**Records for the exercise**:
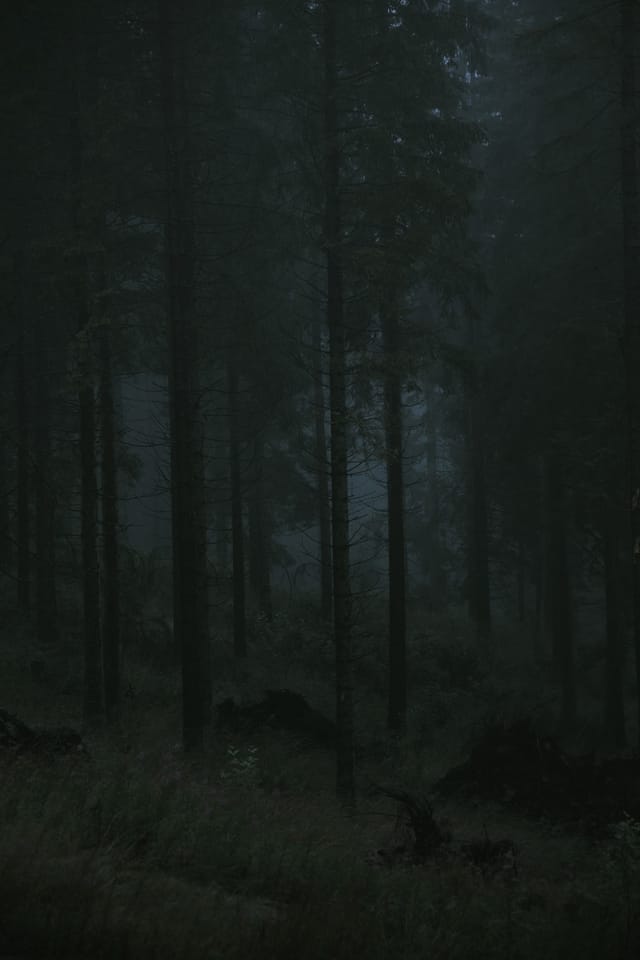 Trees emerging and receding through layers of mist, catalog number 36, from the Fog-Shrouded Trees collection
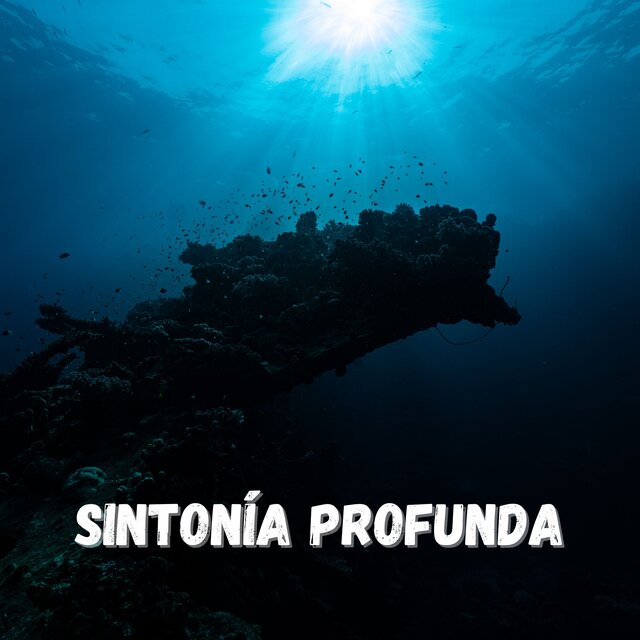 Sintonía Profunda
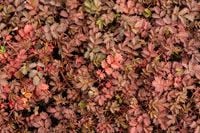 Acena bezbronna Kupferteppich - Acaena inermis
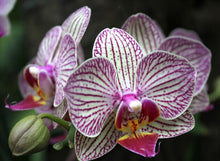 Phalaenopsis orchids 300pcs seeds Beautiful garden Bonsai balcony flower butterfly orchid seeds  Home Plant Seeds Freeshipping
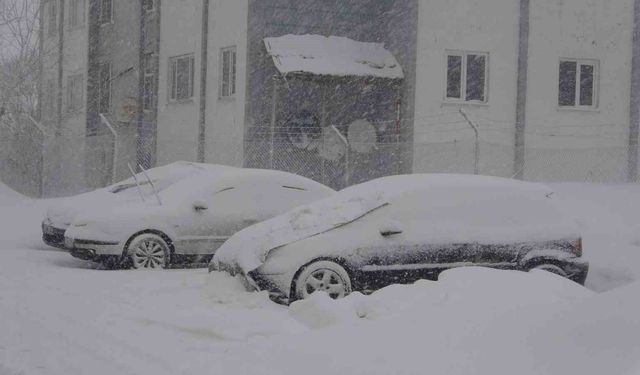 Bitlis'te 51 köy yolu ulaşıma kapandı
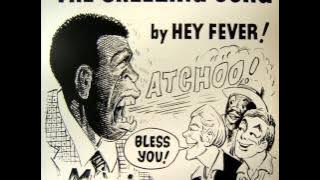 HEY FEVER - The Sneezing Song (Original 12'' Mix).wmv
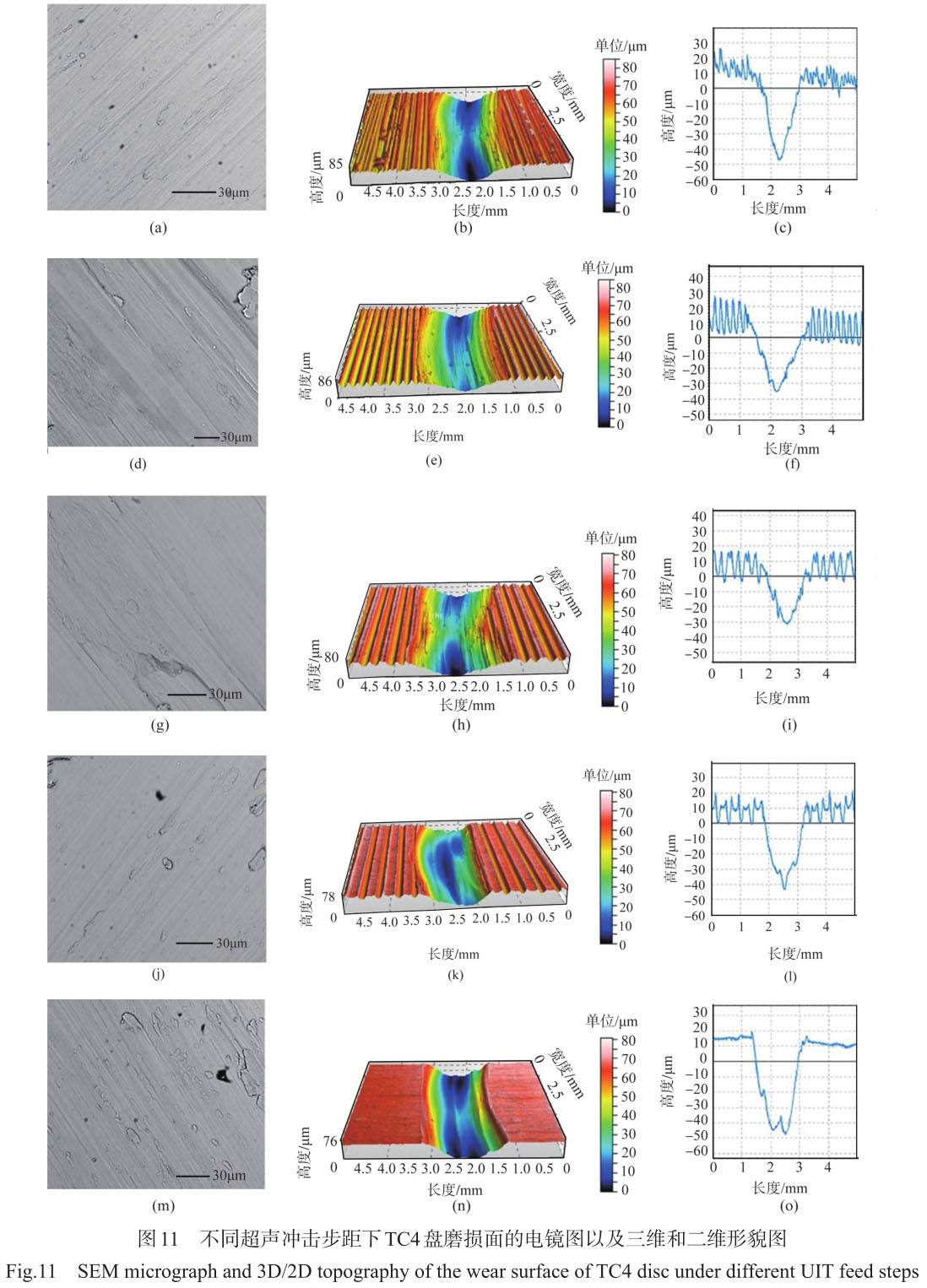 1708310243317231.jpg t11.jpg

**Exercise aim**: Go through the material above and retype every line exactly, without the images.

**Answer area**:
 Trees emerging and receding through layers of mist, catalog number 36, from the Fog-Shrouded Trees collection
 Sintonía Profunda
 Acena bezbronna Kupferteppich - Acaena inermis
 Phalaenopsis orchids 300pcs seeds Beautiful garden Bonsai balcony flower butterfly orchid seeds  Home Plant Seeds Freeshipping
 Bitlis'te 51 köy yolu ulaşıma kapandı
 HEY FEVER - The Sneezing Song (Original 12'' Mix).wmv
 1708310243317231.jpg t11.jpg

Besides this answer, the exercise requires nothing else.